Abstract:
Esta dissertação de mestrado do Programa de Pós-Graduação em Saúde Coletiva
da UNISINOS teve como objetivo investigar a prevalência e os fatores associados
ao risco de quedas em idosos comunitários de São Leopoldo. Trata-se de um estudo
observacional analítico transversal, com amostra composta por 136 idosos
vinculados à Rede de Atenção à Saúde do município. O risco de quedas foi avaliado
pelo teste Timed Up and Go (TUG), sendo classificado como moderado/alto em 11%
dos participantes. A análise bivariada identificou associações significativas entre
risco de quedas e medo de cair, histórico de quedas, força de preensão palmar
reduzida e pontuação elevada no SARC-F. Na regressão logística multivariada, o
pior desempenho no teste de sentar e levantar cinco vezes (TSL5X) e a menor
distância percorrida no teste de caminhada de seis minutos (TC6) configuraram-se
como preditores independentes de risco aumentado. O diferencial desta pesquisa
reside na integração inédita de múltiplos indicadores funcionais, musculares e
clínicos em uma população idosa comunitária brasileira, demonstrando que
instrumentos de baixo custo, simples e aplicáveis no cotidiano da Atenção Primária
podem identificar precocemente idosos em situação de vulnerabilidade funcional. A
originalidade do estudo está em traduzir medidas de desempenho físico em
ferramentas de triagem objetivas e factíveis, oferecendo subsídios diretos para a
prática clínica, o planejamento de intervenções e o desenho de políticas públicas.
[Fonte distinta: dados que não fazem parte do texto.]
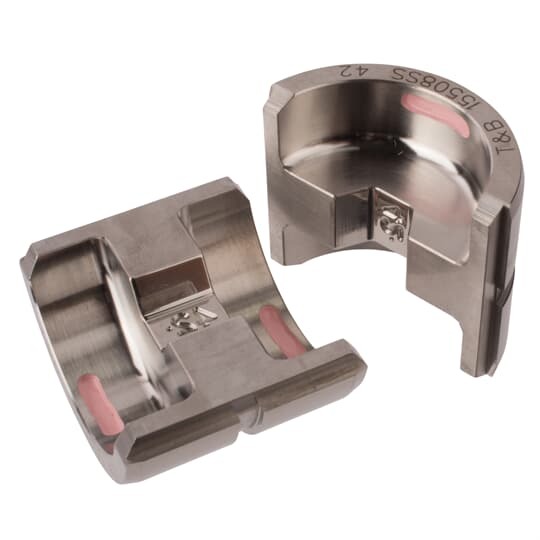 15508SS Blackburn Hexagonal Installing Die, 2 AWG to 225 kcmil Copper/Flex/Aluminum Cable, Alloy Steel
Como produtos, destacam-se a criação de um banco de dados epidemiológico e
funcional pioneiro no Sul do Brasil, a validação de preditores clínicos de risco, a
produção de artigo científico em submissão a periódico internacional e a formação
de novos pesquisadores integrados a redes colaborativas. Conclui-se que os
achados desta dissertação têm relevância prática imediata e potencial
transformador: ao propor preditores acessíveis, o estudo não apenas contribui para
a ciência, mas oferece soluções concretas para reduzir o risco de quedas, prevenir
incapacidades e promover um envelhecimento saudável, impactando positivamente
tanto a qualidade de vida da população idosa quanto a sustentabilidade dos
sistemas de saúde.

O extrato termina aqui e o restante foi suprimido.